Dealing with Unexpected Job Delays
The construction industry is fraught with peril and danger. Contractors already know the importance of proper liability insurance to protect you and your workers from accidents and injuries at the job site, but other liability and financial delays can arise when job delays happen. You do everything you can to predict how things might go wrong, but the plan always falls apart when something unexpected happens. Here are some ways you can handle unexpected job delays to keep your business going strong.
Materials and Labor Changes
Every contractor understands that on occasion materials aren’t going to make it when needed, and some materials will arrive early and clutter up the job site. Deliveries are not always as reliable as we would like, which results in the need to change up the plan. Rather than dealing with unexpected job delays as a result, always try to have a contingency ready to go. Are there other jobs that can be performed while you wait for the materials to arrive? Hand off labor as you can to keep the workflow going.
Weather is your biggest enemy, especially on an outdoor job. Even the weatherman on the local news can’t seem to get the forecast right, so you certainly can’t predict when it’s going to rain, snow or when winds are going to kick up making high altitude work unsafe. There’s little you can do to avoid weather delays, so try to build the inevitability of one or more into your overall job timetable.
Accidents happen, as we’ve said. A disaster can occur any time as a result of workers falling from heights, equipment malfunction or accidents, or any other incident that brings work to a stop while you assess the damage and address injuries to your staff. These unexpected crises can present the biggest challenge to the job site and work time frame. Do what you can to account for their possibility and understand that it’s better to complete a job ahead of schedule than behind schedule!

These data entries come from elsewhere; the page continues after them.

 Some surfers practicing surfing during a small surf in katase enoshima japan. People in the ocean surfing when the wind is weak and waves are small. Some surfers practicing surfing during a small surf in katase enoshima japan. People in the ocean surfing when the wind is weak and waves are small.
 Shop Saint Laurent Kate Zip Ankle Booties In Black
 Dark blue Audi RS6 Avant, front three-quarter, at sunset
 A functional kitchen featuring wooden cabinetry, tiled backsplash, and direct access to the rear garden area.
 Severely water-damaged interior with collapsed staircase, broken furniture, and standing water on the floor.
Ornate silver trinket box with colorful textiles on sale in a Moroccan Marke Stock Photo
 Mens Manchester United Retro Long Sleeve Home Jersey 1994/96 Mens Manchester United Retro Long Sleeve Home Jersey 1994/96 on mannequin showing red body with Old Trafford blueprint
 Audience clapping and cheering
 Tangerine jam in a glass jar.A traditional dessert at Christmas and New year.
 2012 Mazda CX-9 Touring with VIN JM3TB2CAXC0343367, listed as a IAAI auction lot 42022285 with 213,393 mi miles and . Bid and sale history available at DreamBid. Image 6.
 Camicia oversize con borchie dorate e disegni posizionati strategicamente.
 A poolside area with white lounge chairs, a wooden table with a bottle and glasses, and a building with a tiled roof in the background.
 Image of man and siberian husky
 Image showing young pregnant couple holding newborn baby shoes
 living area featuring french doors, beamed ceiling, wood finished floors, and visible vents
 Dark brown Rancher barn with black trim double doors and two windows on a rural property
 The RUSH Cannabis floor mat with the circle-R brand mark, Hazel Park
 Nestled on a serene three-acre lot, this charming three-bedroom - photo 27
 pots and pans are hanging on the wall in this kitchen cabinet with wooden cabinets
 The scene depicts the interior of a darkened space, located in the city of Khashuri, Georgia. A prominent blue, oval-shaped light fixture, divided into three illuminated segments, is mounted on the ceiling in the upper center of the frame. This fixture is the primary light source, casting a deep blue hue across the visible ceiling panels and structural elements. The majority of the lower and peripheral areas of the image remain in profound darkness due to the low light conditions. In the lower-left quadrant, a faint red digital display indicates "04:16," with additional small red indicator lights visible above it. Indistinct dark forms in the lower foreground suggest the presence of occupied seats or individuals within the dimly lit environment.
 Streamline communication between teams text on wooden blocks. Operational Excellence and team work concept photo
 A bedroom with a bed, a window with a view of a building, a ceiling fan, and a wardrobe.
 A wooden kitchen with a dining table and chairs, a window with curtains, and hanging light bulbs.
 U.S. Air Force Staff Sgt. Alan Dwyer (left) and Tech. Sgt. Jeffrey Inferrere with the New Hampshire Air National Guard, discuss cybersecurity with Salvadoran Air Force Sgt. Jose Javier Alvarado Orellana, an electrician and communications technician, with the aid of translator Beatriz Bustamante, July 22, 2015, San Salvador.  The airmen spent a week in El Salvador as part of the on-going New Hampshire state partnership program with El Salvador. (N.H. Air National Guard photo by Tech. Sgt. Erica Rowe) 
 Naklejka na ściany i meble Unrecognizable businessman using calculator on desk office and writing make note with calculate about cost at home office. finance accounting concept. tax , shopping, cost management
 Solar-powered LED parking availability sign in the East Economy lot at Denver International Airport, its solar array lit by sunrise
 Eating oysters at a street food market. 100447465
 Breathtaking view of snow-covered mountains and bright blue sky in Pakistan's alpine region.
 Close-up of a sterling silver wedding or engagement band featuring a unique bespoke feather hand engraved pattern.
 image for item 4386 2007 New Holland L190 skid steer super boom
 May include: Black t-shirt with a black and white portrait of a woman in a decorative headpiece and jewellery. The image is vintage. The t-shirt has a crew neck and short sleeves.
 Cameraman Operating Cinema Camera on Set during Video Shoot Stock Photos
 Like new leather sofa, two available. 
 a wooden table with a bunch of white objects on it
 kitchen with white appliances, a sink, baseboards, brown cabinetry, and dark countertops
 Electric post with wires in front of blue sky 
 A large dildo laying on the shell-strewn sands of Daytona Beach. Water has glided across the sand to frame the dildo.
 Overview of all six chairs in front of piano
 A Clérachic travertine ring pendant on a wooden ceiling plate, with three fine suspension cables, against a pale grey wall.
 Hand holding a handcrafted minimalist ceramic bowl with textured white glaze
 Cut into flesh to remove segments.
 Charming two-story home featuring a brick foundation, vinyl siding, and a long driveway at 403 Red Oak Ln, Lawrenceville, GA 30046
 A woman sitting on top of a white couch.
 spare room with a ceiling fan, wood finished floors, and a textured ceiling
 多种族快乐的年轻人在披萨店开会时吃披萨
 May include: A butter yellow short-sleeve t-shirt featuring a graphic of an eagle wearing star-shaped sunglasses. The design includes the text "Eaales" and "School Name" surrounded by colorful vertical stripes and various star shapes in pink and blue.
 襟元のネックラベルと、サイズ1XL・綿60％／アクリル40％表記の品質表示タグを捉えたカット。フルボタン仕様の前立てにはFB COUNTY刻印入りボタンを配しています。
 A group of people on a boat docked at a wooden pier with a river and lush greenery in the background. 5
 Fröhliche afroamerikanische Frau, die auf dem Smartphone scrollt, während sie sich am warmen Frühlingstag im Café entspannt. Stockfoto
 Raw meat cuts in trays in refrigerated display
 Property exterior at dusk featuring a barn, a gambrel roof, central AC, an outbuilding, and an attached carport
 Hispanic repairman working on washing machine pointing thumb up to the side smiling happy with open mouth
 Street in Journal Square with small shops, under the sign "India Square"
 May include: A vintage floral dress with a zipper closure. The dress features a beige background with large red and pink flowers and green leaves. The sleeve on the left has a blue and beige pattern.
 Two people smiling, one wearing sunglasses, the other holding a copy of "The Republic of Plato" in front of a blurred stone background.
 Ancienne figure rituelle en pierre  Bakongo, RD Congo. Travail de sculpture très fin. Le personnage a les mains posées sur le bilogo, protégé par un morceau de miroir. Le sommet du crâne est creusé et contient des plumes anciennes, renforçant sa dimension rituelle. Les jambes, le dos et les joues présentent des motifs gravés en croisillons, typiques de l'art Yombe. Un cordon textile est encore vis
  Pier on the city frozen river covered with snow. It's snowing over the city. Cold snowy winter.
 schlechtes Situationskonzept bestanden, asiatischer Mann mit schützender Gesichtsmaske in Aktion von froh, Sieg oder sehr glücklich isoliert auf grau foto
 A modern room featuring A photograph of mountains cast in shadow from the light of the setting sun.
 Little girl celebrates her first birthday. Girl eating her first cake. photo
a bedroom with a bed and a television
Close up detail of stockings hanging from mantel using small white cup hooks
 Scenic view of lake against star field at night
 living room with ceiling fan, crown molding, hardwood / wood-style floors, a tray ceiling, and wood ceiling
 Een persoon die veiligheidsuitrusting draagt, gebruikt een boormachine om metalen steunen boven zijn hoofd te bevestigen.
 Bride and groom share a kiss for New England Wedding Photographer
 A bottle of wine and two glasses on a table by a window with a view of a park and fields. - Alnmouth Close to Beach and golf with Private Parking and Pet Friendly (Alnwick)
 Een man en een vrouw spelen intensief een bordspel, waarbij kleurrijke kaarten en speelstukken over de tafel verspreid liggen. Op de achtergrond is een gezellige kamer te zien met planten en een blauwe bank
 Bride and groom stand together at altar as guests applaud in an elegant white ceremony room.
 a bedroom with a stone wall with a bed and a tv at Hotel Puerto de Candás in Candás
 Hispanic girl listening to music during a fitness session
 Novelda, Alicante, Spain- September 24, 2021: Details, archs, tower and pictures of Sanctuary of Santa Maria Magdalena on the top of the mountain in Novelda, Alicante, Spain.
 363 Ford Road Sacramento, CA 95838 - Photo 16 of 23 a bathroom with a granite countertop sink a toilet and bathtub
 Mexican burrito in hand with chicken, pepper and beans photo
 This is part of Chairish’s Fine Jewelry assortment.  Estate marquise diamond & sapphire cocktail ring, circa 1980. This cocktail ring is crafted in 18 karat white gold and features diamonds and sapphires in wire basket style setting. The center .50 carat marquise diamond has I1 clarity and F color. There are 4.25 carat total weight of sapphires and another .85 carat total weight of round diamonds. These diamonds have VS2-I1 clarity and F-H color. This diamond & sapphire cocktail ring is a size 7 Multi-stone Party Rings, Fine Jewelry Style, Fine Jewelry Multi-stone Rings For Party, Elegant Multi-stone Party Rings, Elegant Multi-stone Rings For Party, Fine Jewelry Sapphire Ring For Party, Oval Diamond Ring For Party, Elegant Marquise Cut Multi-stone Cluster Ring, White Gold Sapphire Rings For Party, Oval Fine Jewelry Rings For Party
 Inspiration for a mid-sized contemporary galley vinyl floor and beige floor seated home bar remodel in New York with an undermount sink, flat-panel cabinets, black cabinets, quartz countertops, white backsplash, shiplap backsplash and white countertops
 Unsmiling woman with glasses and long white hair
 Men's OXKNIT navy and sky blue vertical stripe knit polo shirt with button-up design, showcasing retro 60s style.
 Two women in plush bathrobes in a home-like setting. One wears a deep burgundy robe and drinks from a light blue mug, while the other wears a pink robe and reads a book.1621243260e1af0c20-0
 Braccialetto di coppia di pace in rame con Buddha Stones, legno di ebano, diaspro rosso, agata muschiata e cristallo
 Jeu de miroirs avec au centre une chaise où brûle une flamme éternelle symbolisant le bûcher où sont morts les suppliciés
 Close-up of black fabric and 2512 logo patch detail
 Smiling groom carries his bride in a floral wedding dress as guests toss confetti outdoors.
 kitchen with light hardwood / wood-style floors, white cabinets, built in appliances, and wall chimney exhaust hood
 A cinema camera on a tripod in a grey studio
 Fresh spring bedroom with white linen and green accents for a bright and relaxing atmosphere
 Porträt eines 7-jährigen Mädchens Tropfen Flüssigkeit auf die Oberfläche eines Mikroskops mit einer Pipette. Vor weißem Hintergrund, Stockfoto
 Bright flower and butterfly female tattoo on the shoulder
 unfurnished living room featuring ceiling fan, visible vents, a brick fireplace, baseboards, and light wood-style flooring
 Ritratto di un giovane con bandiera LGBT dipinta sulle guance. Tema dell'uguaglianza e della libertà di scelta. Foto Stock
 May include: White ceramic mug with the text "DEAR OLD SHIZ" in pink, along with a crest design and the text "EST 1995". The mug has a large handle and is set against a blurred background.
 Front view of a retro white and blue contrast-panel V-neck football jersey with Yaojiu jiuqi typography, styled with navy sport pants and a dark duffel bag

Once you begin work, apply strategies to minimize unexpected issues that will cause delays. Make sure that you have strong security and organizational oversight on site to avoid materials being stolen or misplaced. Make sure that your people are experienced professionals — on-site training is one of the biggest causes of work delays. Make sure that you have all the right permits, proper site access, safety standards and all legal issues related to the job well covered.
Keep in constant communication with your workers. Inspect the site regularly, understand the impact of union contracts and keep a close eye on all costs and inventory. The more open and frequent your communications, the better you will be able to spot potential delays.
Of course, having the right contractors insurance is necessary to deal with unexpected job delays when they do occur. If you fall too behind schedule and have to deal with accidents, injuries or loss, the right insurance will mitigate those problems.